The biggest trade in baseball's long history of big trades, the whopper of all whoppers, the mother of all mega-deals, collapsed Thursday evening in a pile of contractual mumbo jumbo.
But hold on. The nonsense may not be over yet.
Alex Rodriguez's trade to the Boston Red Sox for Manny Ramirez is not going to happen -- at least for the time being -- because the mighty and powerful baseball players' union doesn't want it to happen. Not like this. The union doesn't want the largest contract ever finagled -- A-Rod's $252 million deal -- compromised just because everyone else wants the trade to happen.
So the union blocked
the deal on Wednesday, and the two sides couldn't rework the contract in time
to beat a deadline imposed by commissioner Bud Selig on Thursday, and so Selig
scuttled the talks, and then the Red Sox called the whole deal "dead."
And that's where we are. For now.
Oh, brother. Haven't we been here before? I mean, how many ways can baseball
come up with to look stupid? Every year, it's something new.
This time, it's this proposed titanic trade, something that was sketchy from the start and one that, right now, makes a loser out of just about everyone involved.
Rodriguez wanted so badly to leave Texas and move to Boston that he lobbied for the deal and was willing, in effect, to give up $30 million of his record contract. For now, he's stuck with the Rangers, where many of his teammates already have said the team would be better off without him. A-Rod's a loser right now, no doubt about it. As much as someone with a quarter of a billion dollars can be a loser.
The Rangers had a chance to get out from under A-Rod's onerous contract and actually buy some pitching to help all their young sluggers. Now -- for this moment -- they can't. Which means they won't win. Which makes them losers, too. Again.
Tom Hicks, the Rangers' owner, might have rewritten one of the biggest bonehead moves in the history of ownership if this trade would have happened. True, Hicks would have had to take on Ramirez to do it. But, all in all, the owner figured it was worth it, and it probably was. Because the trade's not going to happen -- for now -- Hicks remains one of the sport's, and one of baseballs' biggest losers.
Theo Epstein, the young, brainy general manager of the Red Sox, makes the first major slip of his career in this, too. Epstein pulled off a coup in trading for Curt Schilling. He signed closer Keith Foulke and reportedly had another trade worked up for Chicago White Sox slugger Magglio Ordonez if the A-Rod trade went through. Maybe, if the A-Rod trade happens, Epstein is a star. But already, Epstein has shown that he's willing to buy the biggest contract in the history of sports and throw in a few million more. He's willing to cast aside Nomar Garciaparra, his All-Star shortstop. He's traded youth for age. For what? To keep up with the Yankees. And they call New York the Evil Empire?

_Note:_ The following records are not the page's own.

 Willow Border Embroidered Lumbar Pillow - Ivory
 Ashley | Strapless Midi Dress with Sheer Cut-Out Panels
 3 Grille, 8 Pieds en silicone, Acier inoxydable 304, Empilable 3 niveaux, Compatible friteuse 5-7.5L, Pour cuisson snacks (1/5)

The Red Sox, too, come out looking bad. If the deal for A-Rod is dead, the Red Sox could be stuck with a shortstop that they clearly were ready to jettison after the 2004 season. If the deal isn't dead, the Red Sox could have more than $50 million tied up in A-Rod, Foulke, Schilling and Ordonez next year. That's trouble brewing.

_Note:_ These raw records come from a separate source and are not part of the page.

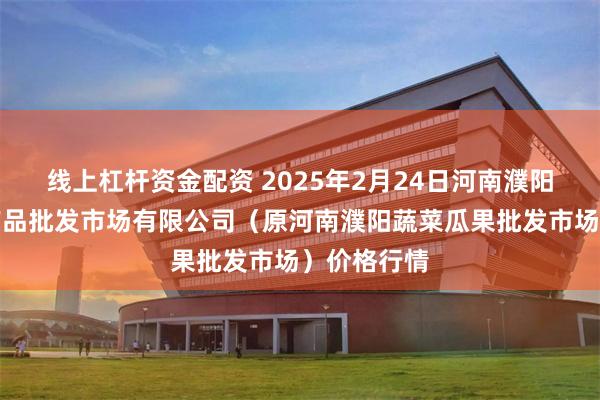 线上杠杆资金配资 2025年2月24日河南濮阳宏进农副产品批发市场有限公司（原河南濮阳蔬菜瓜果批发市场）价格行情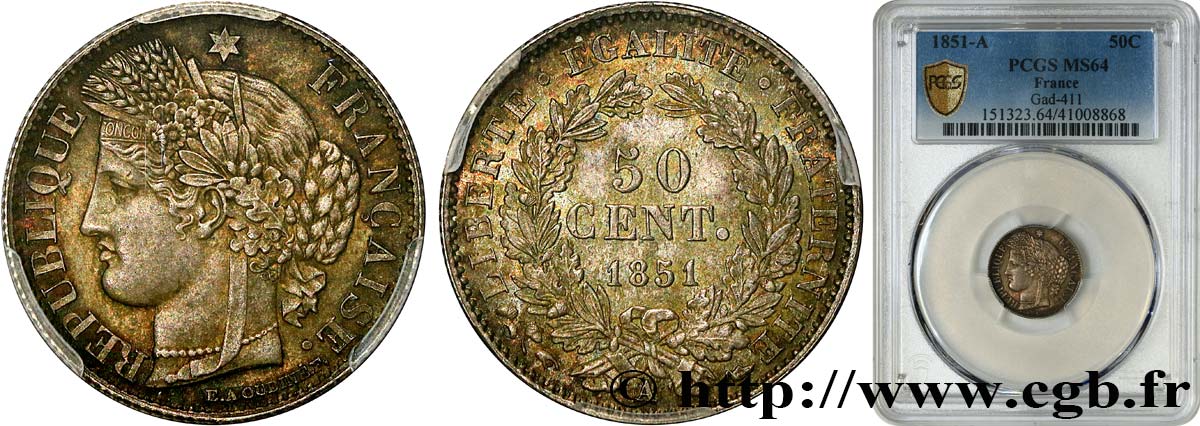50 centimes Cérès, IIe République 1851 Paris F.184/5 fST64 PCGS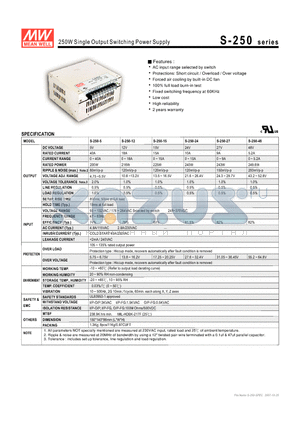 S-250-24 datasheet - 250W Single Output Switching Power Supply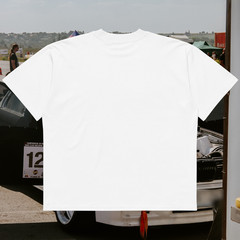 Vintage 90s Gulf Racing Porsche 956 T-Shirt White Oversized Sports Car Cotton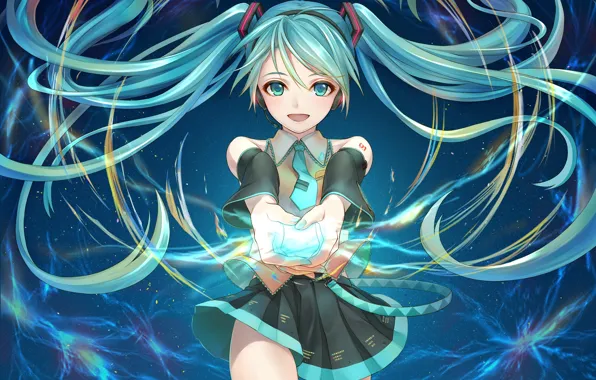 Wallpaper look, girl, hair, girl, vocaloid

There are lots of other losers. For a player who has driven in at least 100 runs in each of the past six seasons, and no fewer than 33 homers a year in each of those seasons, Ramirez now has all the appeal of a sweaty jock. Stay or go, this guy's reputation, never very good, has taken a huge hit. Loser? Yeah. And a sad one at that.
The head of the players' union, Gene Orza, stepped in where no one wanted him to step -- and I mean no one. (Don't buy A-Rod's lukewarm late-game backing of the chief. He had to say that to save face with the union and his fellow players.) Granted, if contracts are allowed to be reworked left and right, contracts, large and small, won't hold a lot of weight. But everyone wanted this deal done. Right or wrong, Orza's a bad guy in this.
Selig stopped negotiations Thursday evening, saying the thing had gone too far and swallowed up too many in its wake. He's right, of course. But, heck, Selig is used to being on loser lists. So here you go, Bud.
The shortest stick of all, though, may go to Garciaparra. Yeah, he missed his chance, turning down an offer of a four-year, $60 million contract extension before last season. If he had signed that, all of this would be moot. But Nomar doesn't deserve this. He has a .323 lifetime average. He plays hard. He plays hurt. He actually wants to be in Boston. He's an All-Star. And this is how he's treated? He may be the biggest loser in this whole, ridiculous story, except for ...
Major League Baseball. This trade eventually may come off -- many say it will -- because all the rich ballplayers and executives and, yes, even some union officials want it to come off. But to Joe Q. Fan, this looks like simply the latest, greatest case of ballplayers and owners haggling over millions.
Dead or alive, this whale of a trade idea has turned into another baseball fiasco. If this trade wasn't worth so much -- it would be the first ever of two $20 million players -- you'd have to think that it's simply not worth it. For anybody.